Sobre aproveitar a vida

Se Angélique aprecia as noites no bordel, enquanto bebe seus drinks em conversas com suas amigas, Glória curte sua vida de divorciada saindo para dançar, beber e conhecer pessoas novas. A personagem nos é esplendidamente apresentada na primeira cena, enquanto está perto do balcão bebendo algo. O destaque está justamente nos casais mais novos que dançam em primeiro plano enquanto a protagonista aparece de costas e no segundo plano. É como se a câmera falasse: “Que tal se ao invés de contarmos a história de um desses casais, não falamos daquela senhora que está ali? ” E que bom que Sebastián Lelio tomou tão louvável decisão. Com toques de comédia no tom e momento certos, jamais vemos a ridicularização de Glória. A mulher que às vezes se desequilibra com o salto enquanto anda, ou que não consegue alcançar os pés na aula de yoga, não cai no caricato da imagem da mulher exageradamente extrovertida, nem de uma mulher introvertida ou conservadora. Glória é alguém que você poderia encontrar facilmente no seu dia a dia e que poderia passar facilmente despercebida no cinema hollywoodiano.
A música também é algo muito importante no filme. A personagem canta no carro e mesmo quando a canção é interrompida no corte da cena que pula para a monotonia de seu trabalho, podemos vê-la cantar mais adiante em cenas em que ela se depila, ou no próprio baile que frequenta.

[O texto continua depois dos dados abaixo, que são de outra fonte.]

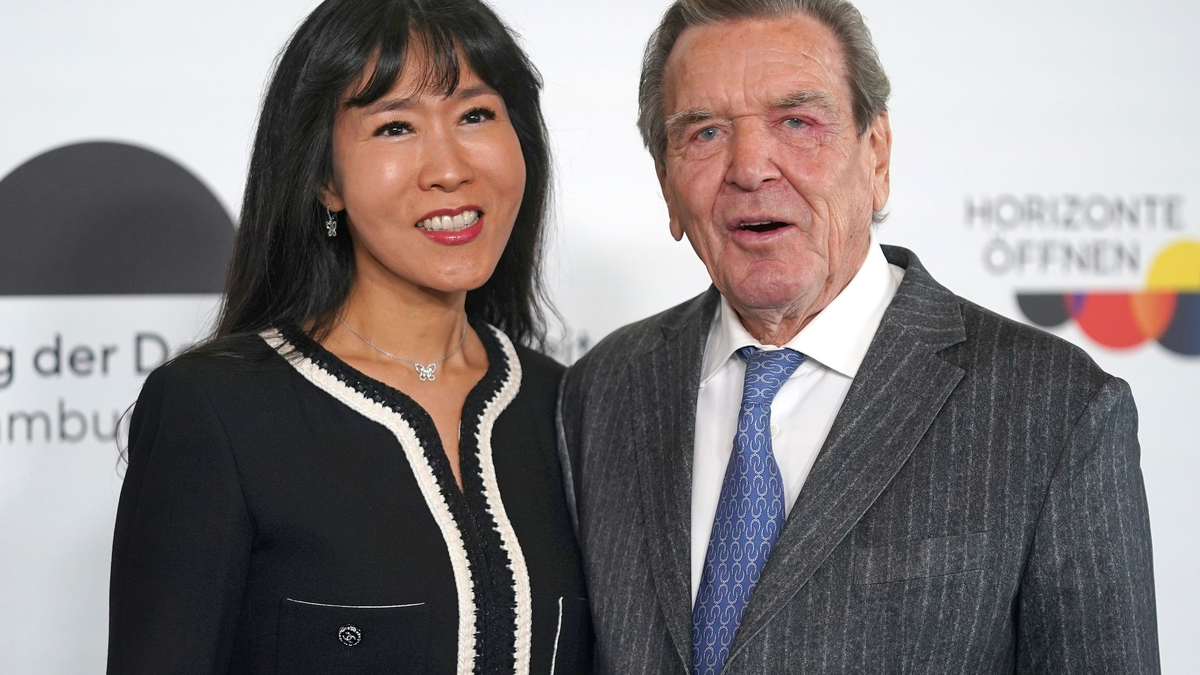 Altkanzler Gerhard Schröder (SPD) und seine Ehefrau kommen auf die Plaza der Elbphilharmonie zum Festakt der Deutschen Einheit. - Foto: Marcus Brandt/dpa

Já Angélique, relembra com alegria o seu passado quando fala para suas amigas dos tempos em que trabalhava no bordel enquanto ainda era jovem. As cores das luzes no local, sempre quentes, representam seu verdadeiro estado de ânimo, sua alegria e liberdade.


Quanto ao sexo


Glória também não se preocupa em transar com Rodolfo em tão pouco tempo depois de conhecê-lo. O sexo aliás é algo que deve ser notado. Se já não é todo dia que encontramos uma narrativa disposta a retratar a vida de uma mulher com sessenta anos, imagina ela fazendo sexo? Sim, Glória faz sexo e a câmera não tem pudor em mostrar o nu frontal da personagem e até de Rodolfo, muito menos em não fazer cortes que subtraiam o momento da relação. Falando em relação, a personagem vai se mostrando cada vez mais interessada por Rodolfo, que mesmo retribuindo o interesse e o carinho com ela, ainda não consegue deixar de se preocupar com sua ex-esposa e suas filhas, que parecem aproveitar disso para tê-lo sempre por perto.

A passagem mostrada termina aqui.